2015 has been, without question, one of the biggest years in the history of hip hop. Just about every major hip-hop center in the United States is producing artists like Kendrick Lamar, Chance the Rapper, Danny Brown, Babeo Baggins, Flying Lotus, J. Cole, Milo, Young Thug, Future and Drake who are radically reshaping the music of their cities, inventing new artistic vocabularies for their unique identities and social milieus, and producing albums that, I’m convinced, will be considered classics 10 or 15 years down the line. 

This is also one of those rare moments where social discontent and creative genius have peaked at roughly the same time, reaching the point where a particularly masterful piece of art could, perhaps, inspire the sort of activistic fervor that needs to exist for political change to become a legitimate possibility. 

Police violence and Black marginalization — the precise issues hip hop is designed to address — have come to the forefront of our political consciousness at the exact moment when the United States’ first Black president is reaching the end of his time in office and a candidate like Bernie Sanders, who understands the link between institutionalized racism and institutionalized economic disparity, actually stands a chance at getting into the White House and doing something to address those problems.

The conditions are perfect and, you know, we already have To Pimp a Butterfly, gotdamnit. There already exists, in the real world, an album that addresses all of these issues, complete with campaign slogans and an incredibly coherent social platform to go along with them. Literally all you need to do is go outside, throw that Kendrick on your speakers and start marching.

But, instead, here I am writing 2,000+ words explaining why you couldn’t give less of a shit about how “Hotline Bling” is just a well-polished sexist turd, and here you are reading them, presumably getting distracted by the Drake Google Alert flashing onto your iPhone screen every 30 seconds. Yes, he’s inventing Canadian hip hop right now, but, like, for real? You really listened to “Hotline Bling” on Spotify 120 million times? What the fuck is wrong with you?

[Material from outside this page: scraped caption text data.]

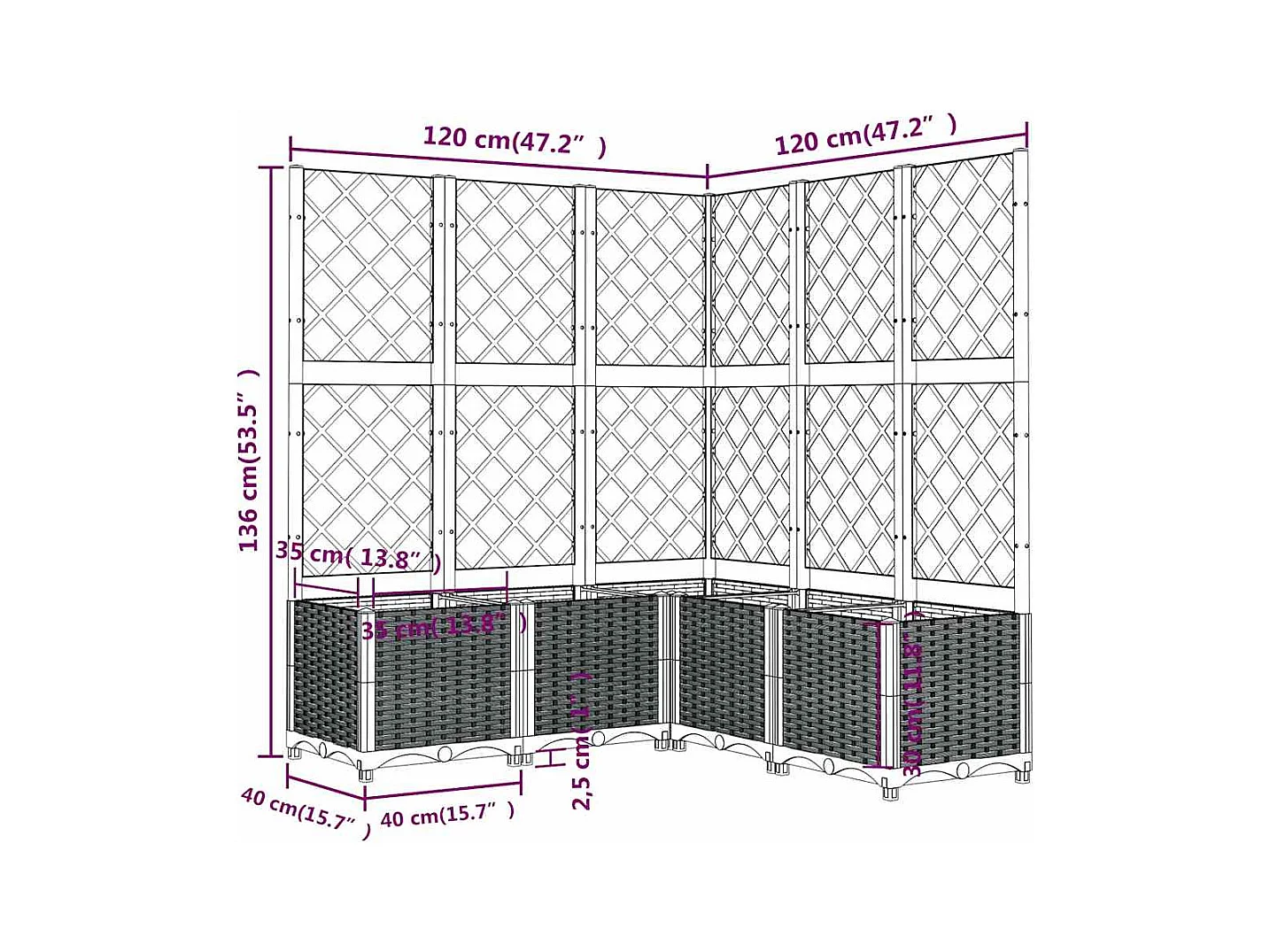 Jardinière avec treillis bleu gris 120x120x136 cm PP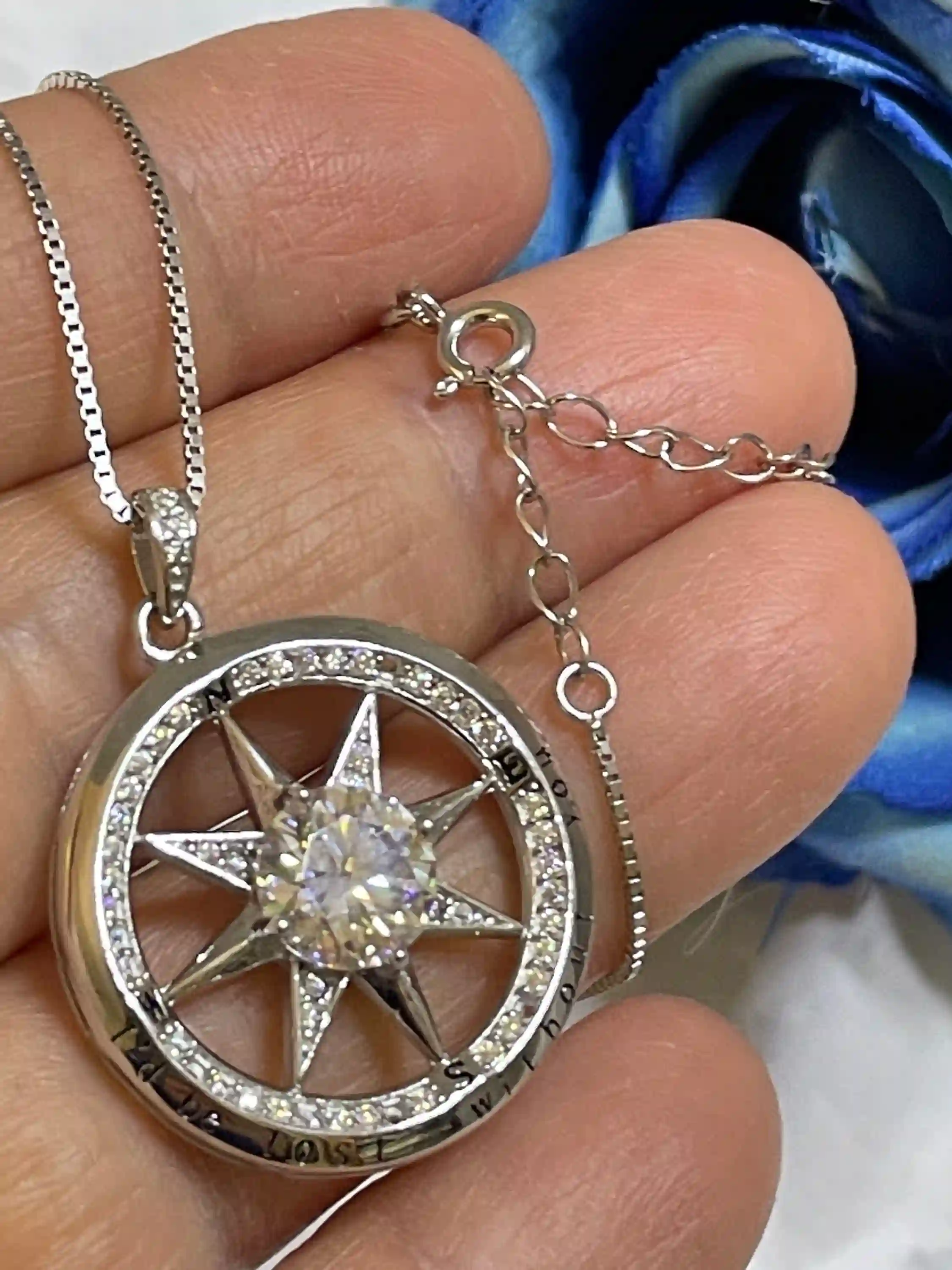 3.5ctw 2 carat Diamond Necklace Compass Pendant Necklace Compass Necklace Statement Jewelry Lost Without You Diamond Jewelry White Gold 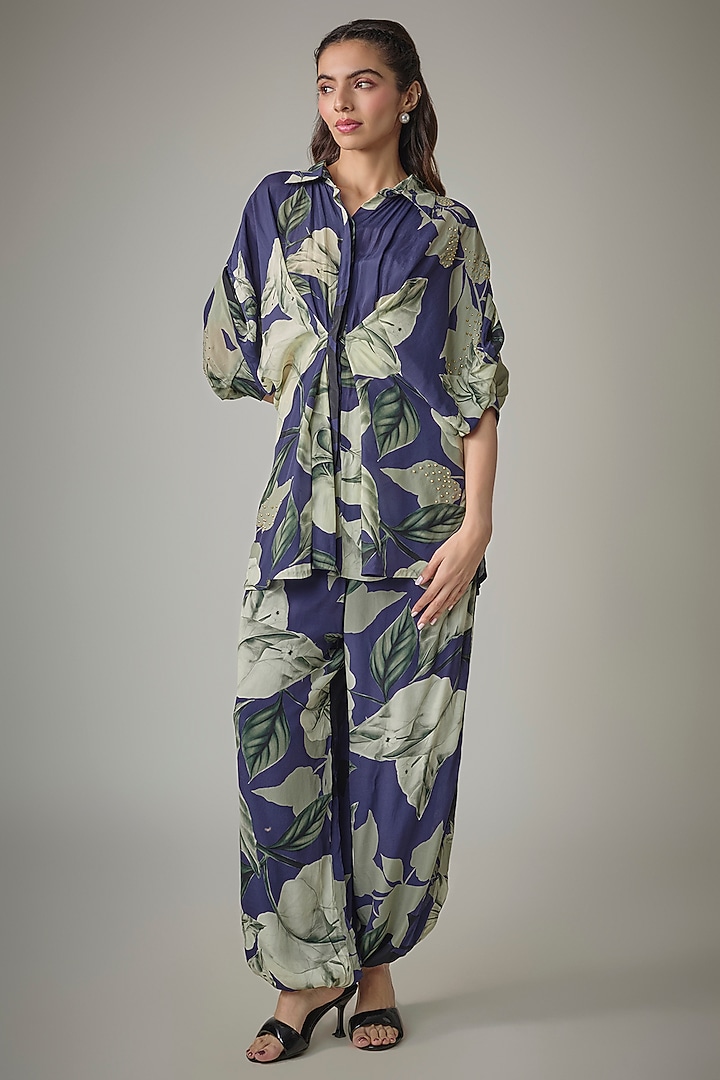 Navy Crepe Digital Printed Co-Ord Set by Nupur Kanoi at Pernia's Pop Up Shop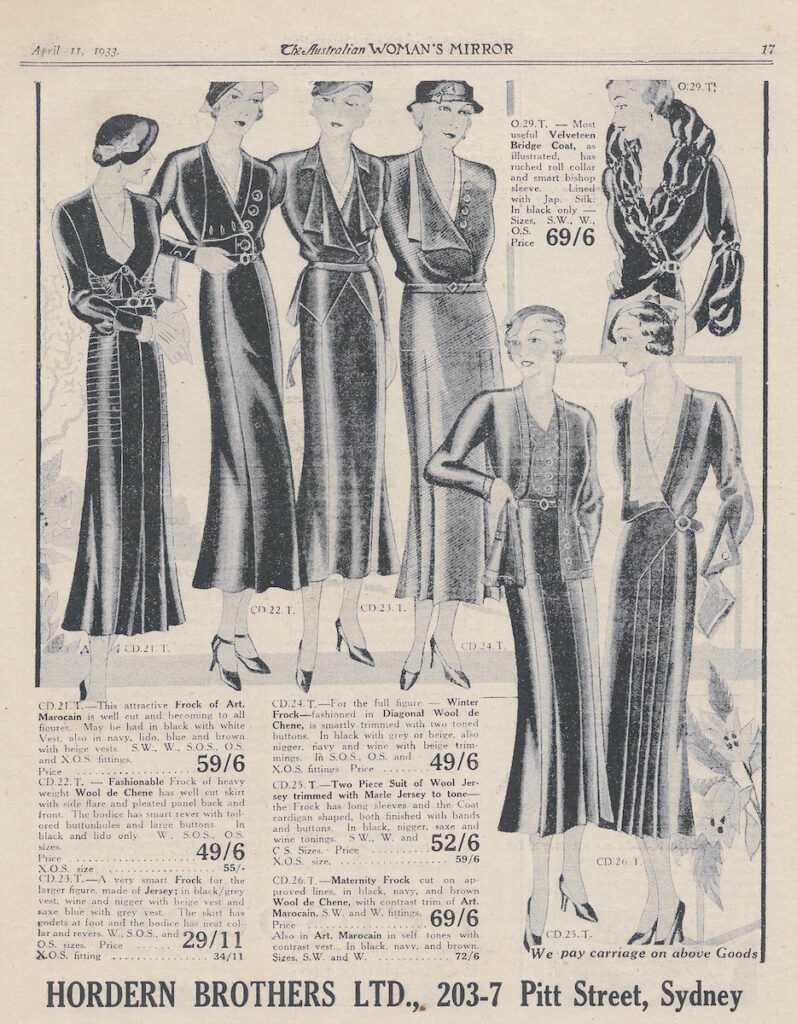 fashion advertisement of women's clothing from 1933 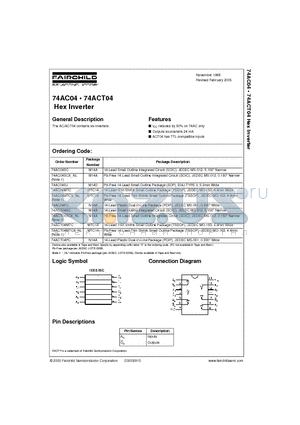 74AC04PC datasheet - Hex Inverter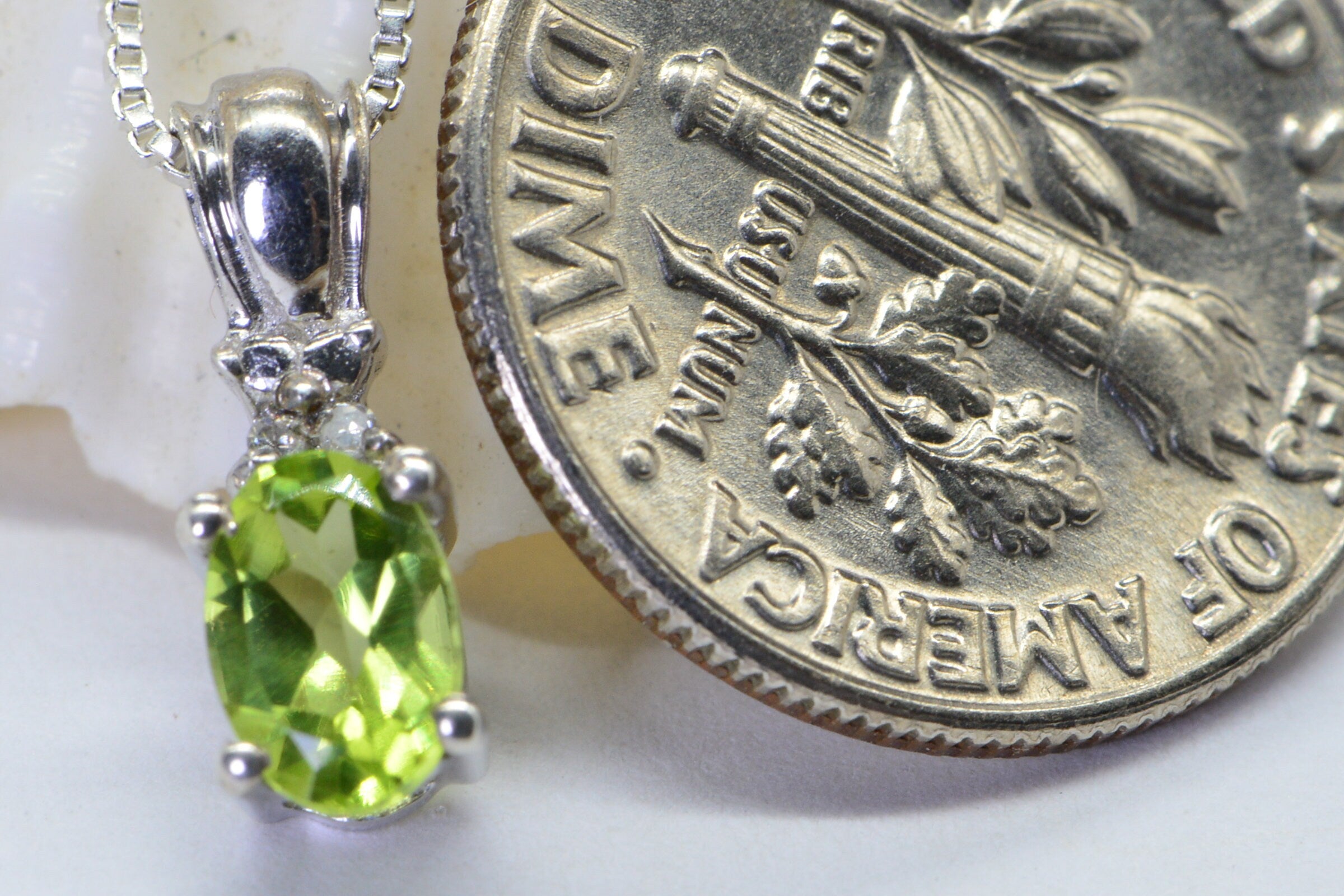 Peridot Diamond Sterling Silver Pendant: August Birthstone Necklace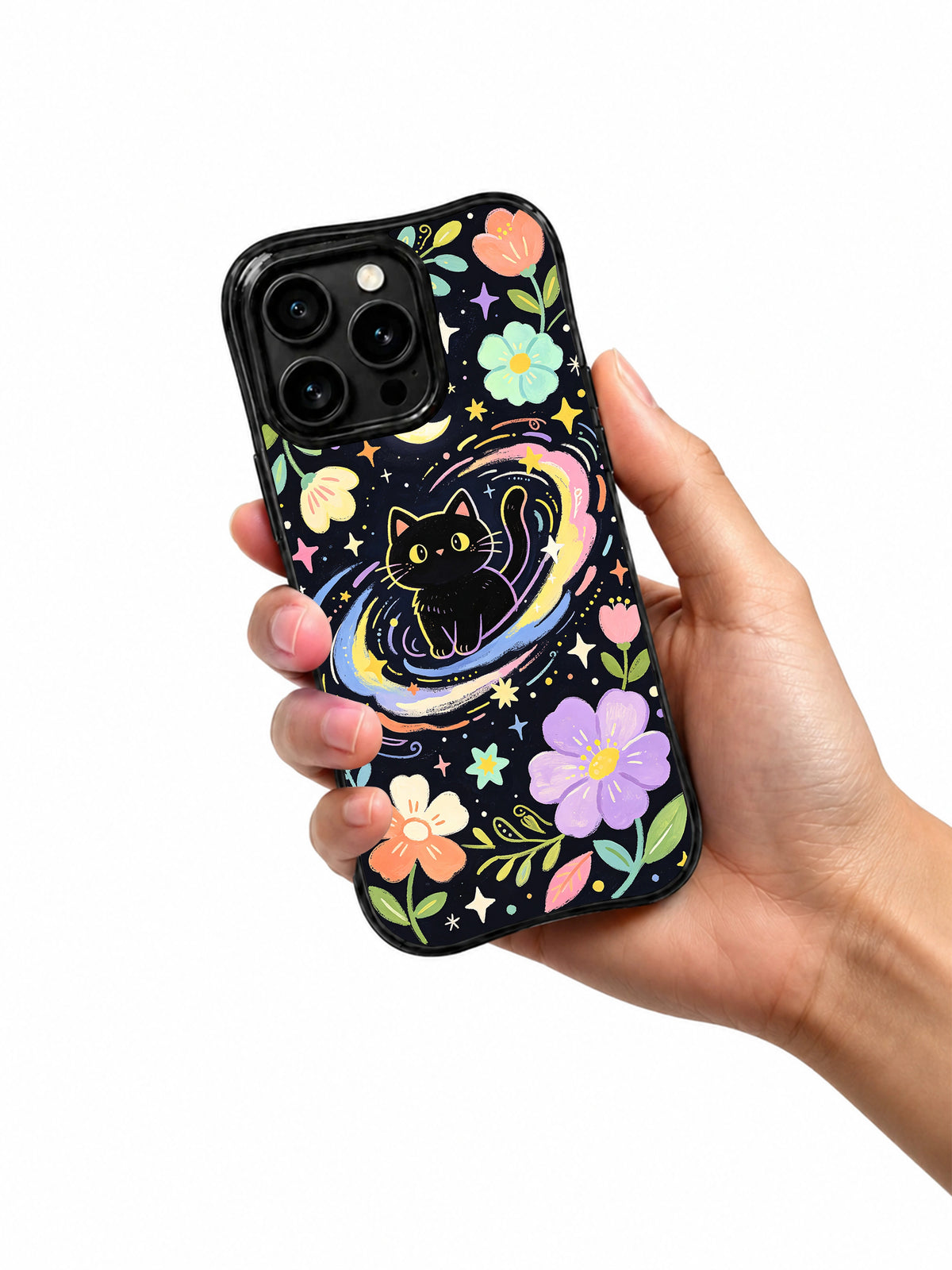 Product or handheld view of the Midnight Cat Flower Spell case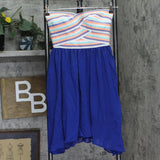 B Darlin Chiffon Asymmetrical-Hem Fit and Flare Dress White / Blue Multi 7 / 8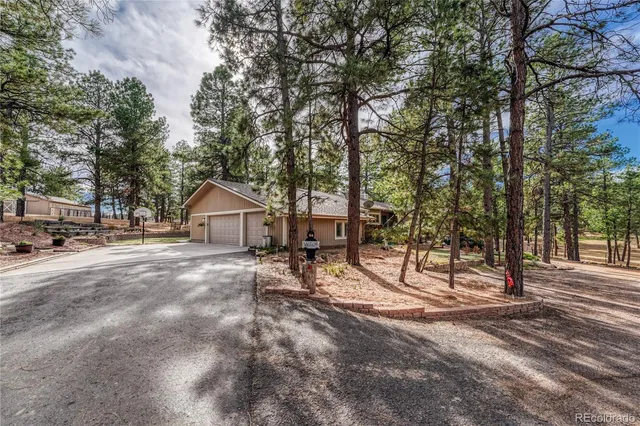 a view of a house with large trees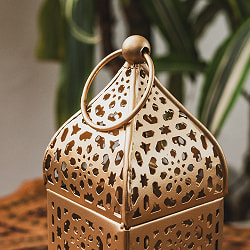 モロッコスタイル　キャンドルランタン 吊り下げ／スタンド兼用【ロウソク風LEDキャンドル付き】 高さ：22.5cm 幅：6.5cm程度 - サブ4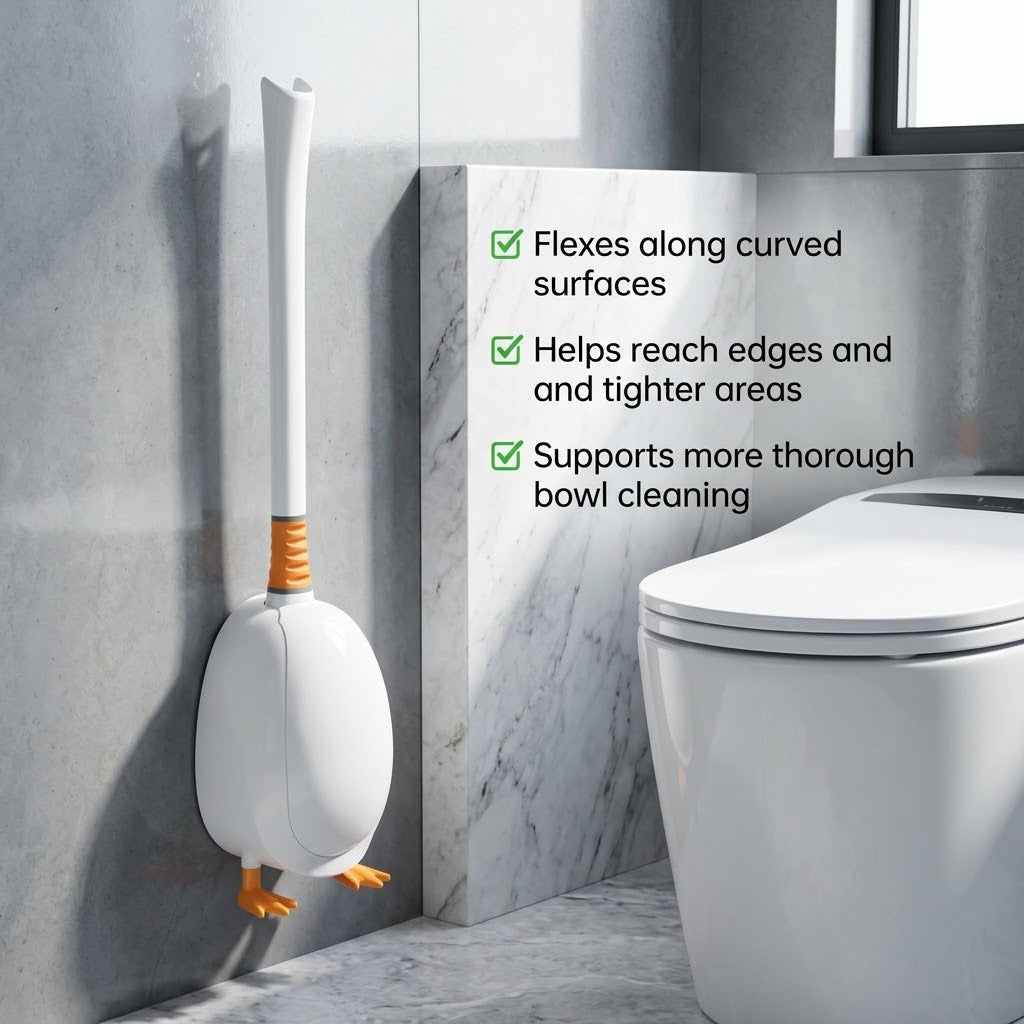 Cute Duck Silicone Toilet Brush – Flexible Deep-Clean Design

And, just to bring everything full circle, if you were wondering why Drake is on top of the game right now, it’s for the same reason that you can’t stop listening to “Hotline Bling,” no matter how offensive you find it’s political content. Just look back down at the logo on your phone. You remember how the video dropped on Apple Music? Do you perhaps find it strange that Apple — the company that makes the fucking iPhone, you know, the one that has become so essential to your self-concept that being away from it for more than five minutes gives you separation anxiety — decided to sign an exclusive licensing deal with the guy whose entire discography is a low-key shrine to his cell phone?

Do you remember the part in “Dune” where Baron Harkonnen says “He who controls the spice, controls the universe”? Well, we live in America, and instead of spice we have iPhones.

“Hotline Bling” is an iPhone commercial.